In May 1992, when I was about the age Uncle Paul was at his passing, I called my mother late one evening and disclosed a secret I had been keeping since I was eight years old: “Mom, I’m gay.” She seemed, for my sake I later learned, to take the news without surprise or unease.
By coincidence, the following morning Mom and her sisters gathered for their annual Sisters’ Day Yard Sale at the home of the aunt who was still keeping Uncle Paul’s secret. All their lives my aunts were a great comfort to each other, openly sharing worries and sorrows and family news, so it wasn’t unusual that Mom revealed what only a few hours earlier she had learned about her son. To her supportive sisters, she expressed her concerns and worries. There were tears. For my aunt, it seemed the time had finally come to let go of that old secret about the visitor to her home after Uncle Paul’s death. She told every detail that day.
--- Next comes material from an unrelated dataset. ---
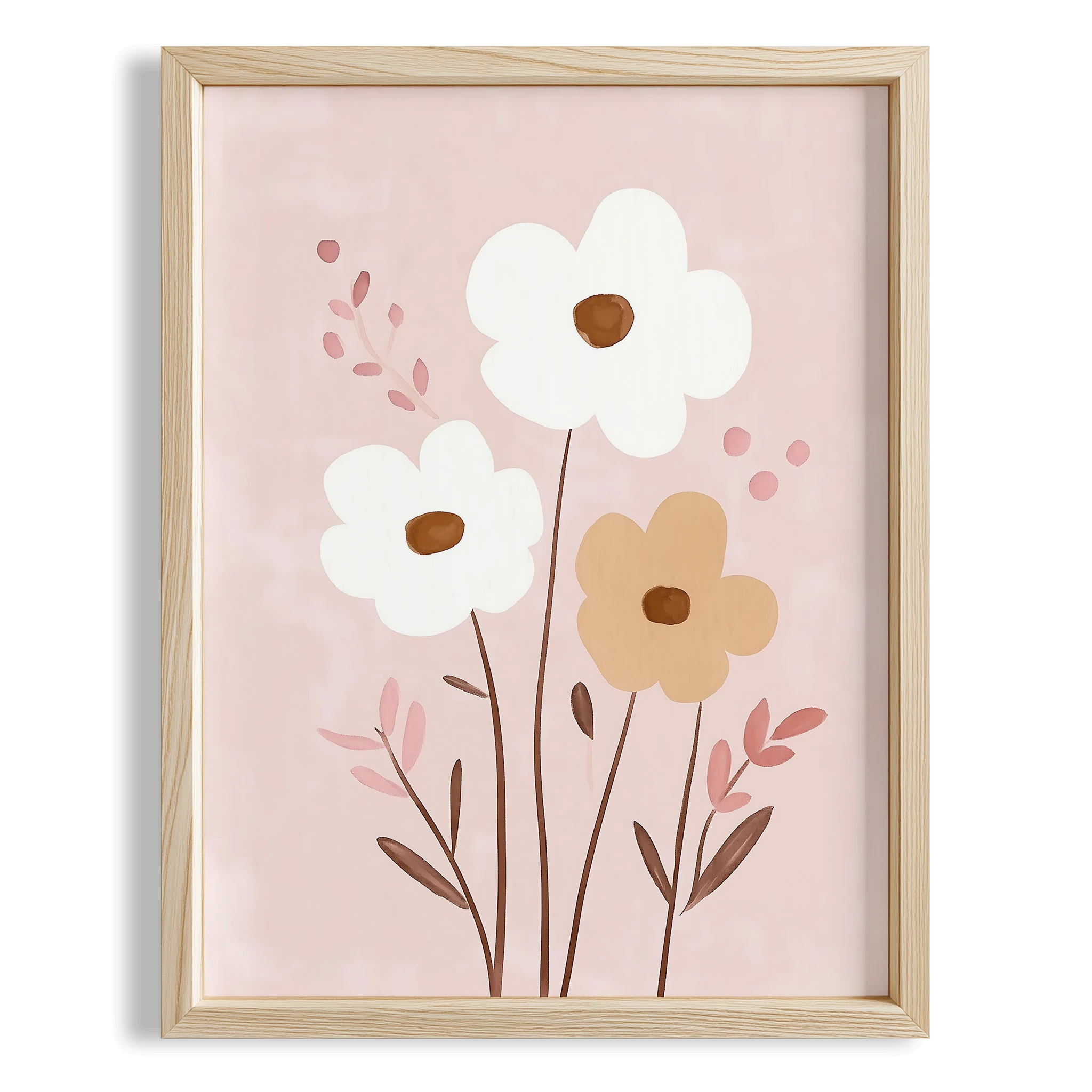 Bohem Çiçek Tarlası Kız Çocuk Odası Ahşap Tablo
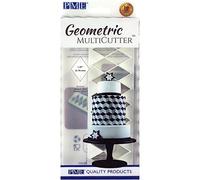 PME Multicutter géométrique pour gâteau - Diamant, Grande Taille, 3,2 cm, Plastique, Blanc, L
Several years later, I tracked down that visitor. He was in his 70s, ill, and living with a niece in St. Louis. He confirmed my aunt’s story. He and Uncle Paul had been “lovers” (his word). Uncle Paul, he said, was a good man who turned many heads, male and female. Many years had gone by, but he cherished the memory of my uncle: “He was unforgettable.”
Uncle Paul would be 81 now. I often think about how he might have navigated those perilous days long before the LGBT civil rights movement gained widespread acceptance. Conformity to the demands of his time by marriage to a woman was always a possibility. Leaving behind rural Missouri for a life in Chicago or New York or San Francisco was another. Unfortunately, he didn’t live long enough to make such choices.
The late Paul Monette wrote that “most gay history is buried in shallow bachelor’s graves.” My uncle’s bachelor’s grave rests beside his mother and father in a country cemetery. During this 23rd annual LGBT History Month I wonder what kind of history the uncle I never met might have made if that vehicle hadn’t crossed the median and slammed into his car in 1959.
—Rodney Wilson was a high school history teacher in St. Louis when he founded LGBT History Month in 1994.